Give the data again exactly as written, skipping any pictures.

RAW DATA section start

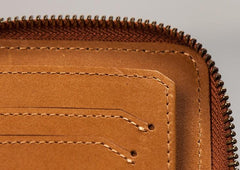Vintage Leather Mens Small Wallet Zipper Small Wallet for Men - imessengerbags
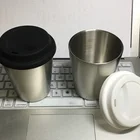 stainless steel double walled coffee cup insulated mug tumbler 9oz hot drink tumbler cup with silicone rubber lid cover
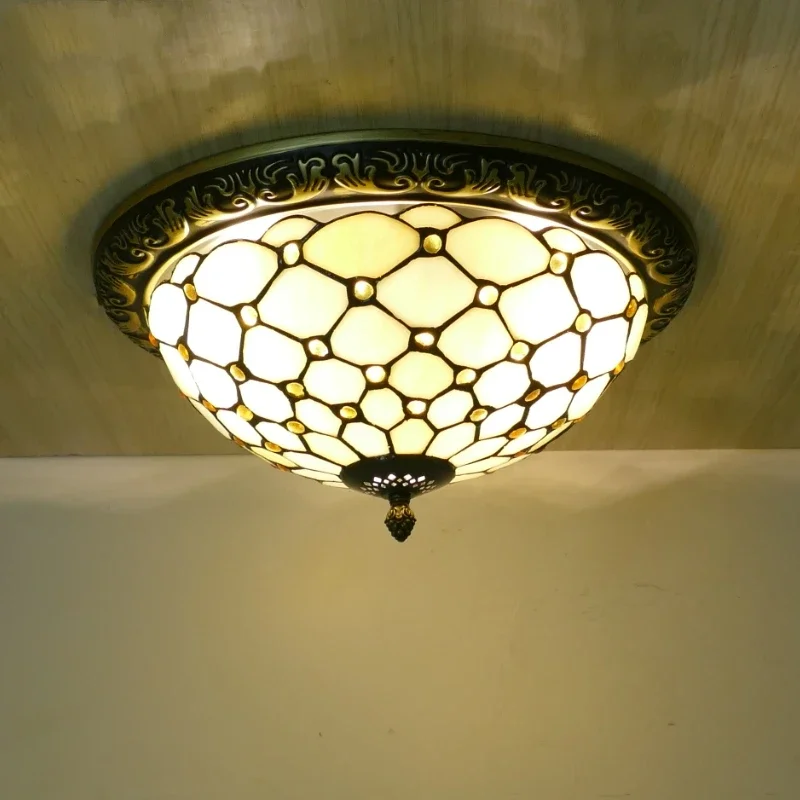 Turkish Retro Ceiling Lights Tiffany Lamps Vintage Circular Colored Glass Ceiling Hanging Lamp Living Room Bedroom Art Deco Lamp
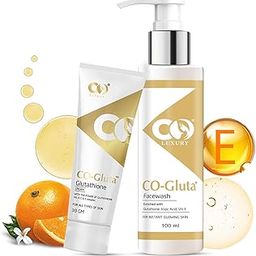 CO Luxury Glutathione Skin Brightening Face Wash 100ml & Cream 30gm Set | With Vitamin C, E, Kojic Acid | For Glowing, Even-Toned Skin | For Men & Women-12
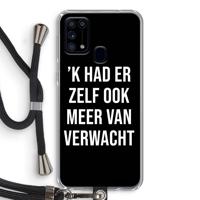 Meer verwacht  - Zwart: Samsung Galaxy M31 Transparant Hoesje met koord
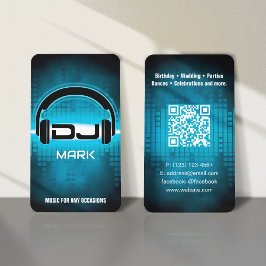 DJ Modern Himlar Blue-Affärskort med QR-kod Visitkort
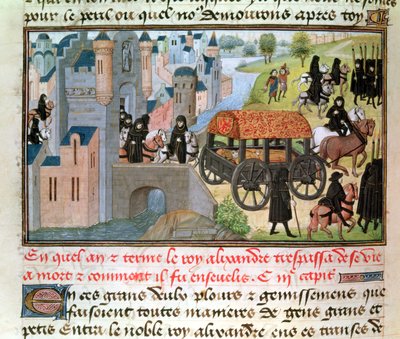 Fol.305v Hvordan Alexander den store (356-323 f.Kr.) gikk bort og ble begravet, fra manuskriptet til Jean Vauquelin, fra Histoire du Grand Alexandre, 1460 av French School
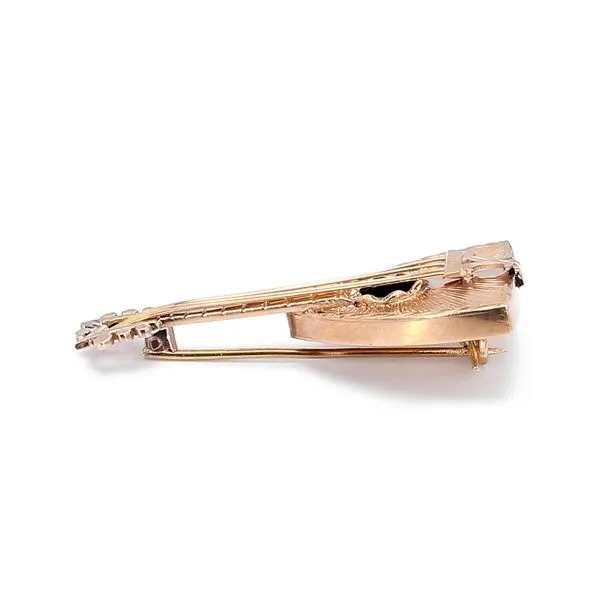 Estate 14K Yellow Gold Engraved Mandolin Musical Instrument Brooch Pin Image 3 Raleigh Diamond Fine Jewelry Raleigh, NC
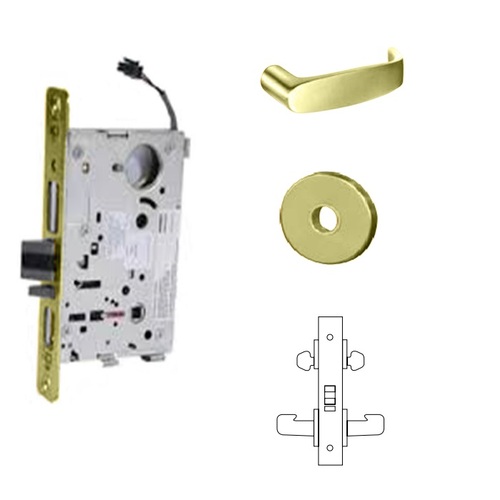 8273-24V Electrified Double Cylinder Mortise Lock Bright Polished Brass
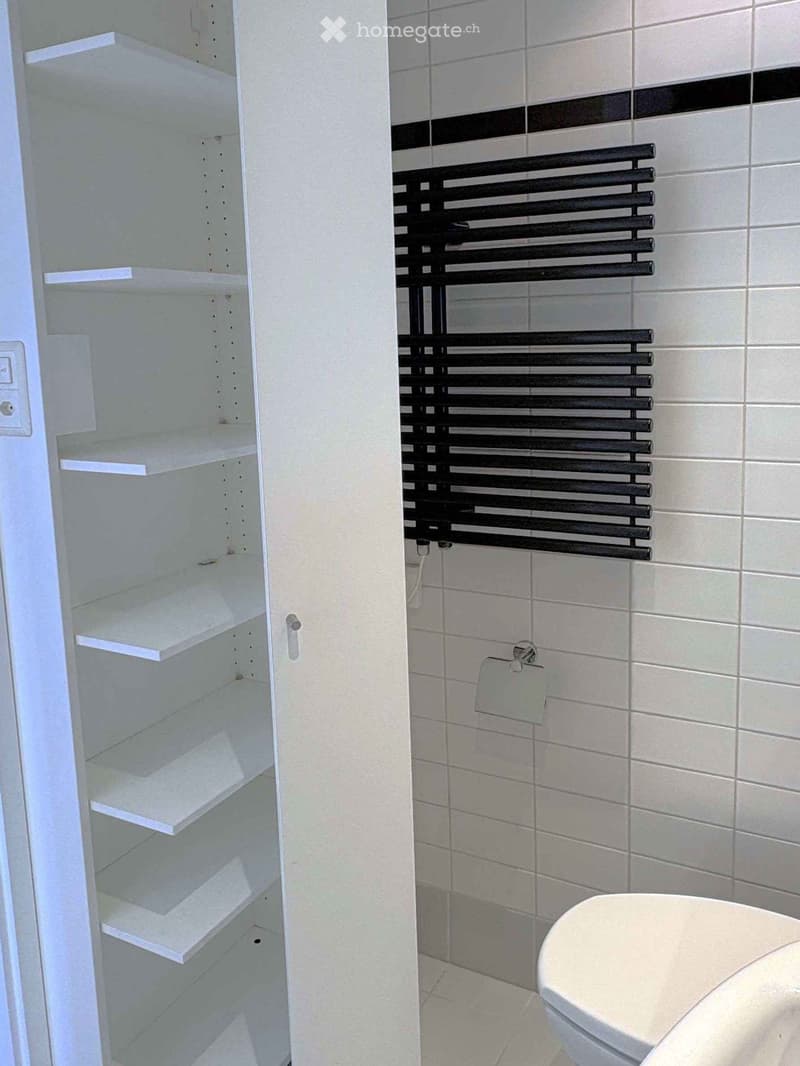 Modern bathroom with white tiled walls, a black towel rack, and built-in glass shelves in the shower area.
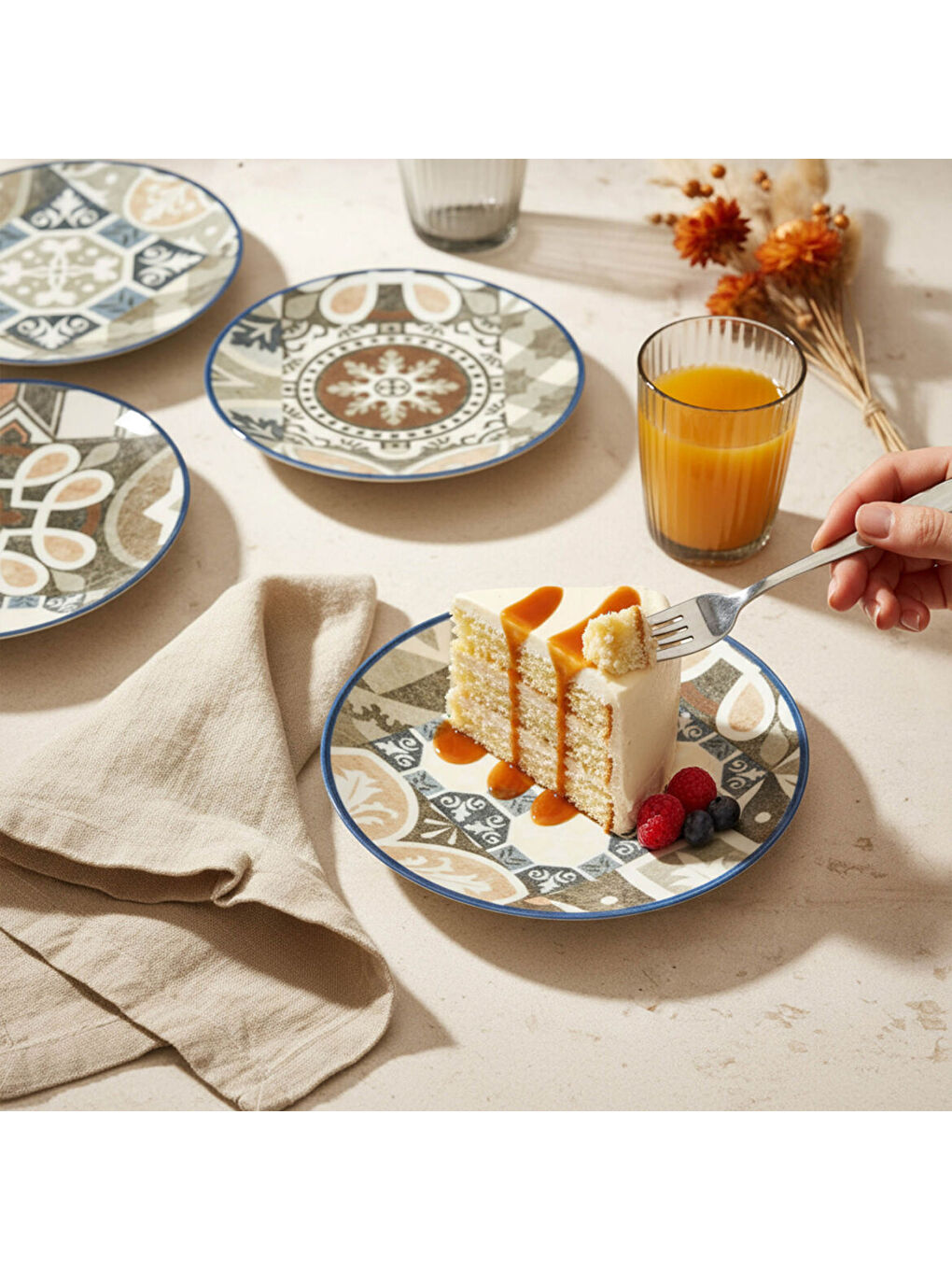 Ekru Camelia Harmony Coffee 6 Parça 20 cm Pasta Takımı 4287-2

RAW DATA section end

WRITTEN ANSWER:
Vintage Leather Mens Small Wallet Zipper Small Wallet for Men - imessengerbags
 stainless steel double walled coffee cup insulated mug tumbler 9oz hot drink tumbler cup with silicone rubber lid cover
 Turkish Retro Ceiling Lights Tiffany Lamps Vintage Circular Colored Glass Ceiling Hanging Lamp Living Room Bedroom Art Deco Lamp
 CO Luxury Glutathione Skin Brightening Face Wash 100ml & Cream 30gm Set | With Vitamin C, E, Kojic Acid | For Glowing, Even-Toned Skin | For Men & Women-12
 Meer verwacht  - Zwart: Samsung Galaxy M31 Transparant Hoesje met koord
 DJ Modern Himlar Blue-Affärskort med QR-kod Visitkort
 Fol.305v Hvordan Alexander den store (356-323 f.Kr.) gikk bort og ble begravet, fra manuskriptet til Jean Vauquelin, fra Histoire du Grand Alexandre, 1460 av French School
 Estate 14K Yellow Gold Engraved Mandolin Musical Instrument Brooch Pin Image 3 Raleigh Diamond Fine Jewelry Raleigh, NC
 8273-24V Electrified Double Cylinder Mortise Lock Bright Polished Brass
 Modern bathroom with white tiled walls, a black towel rack, and built-in glass shelves in the shower area.
 Ekru Camelia Harmony Coffee 6 Parça 20 cm Pasta Takımı 4287-2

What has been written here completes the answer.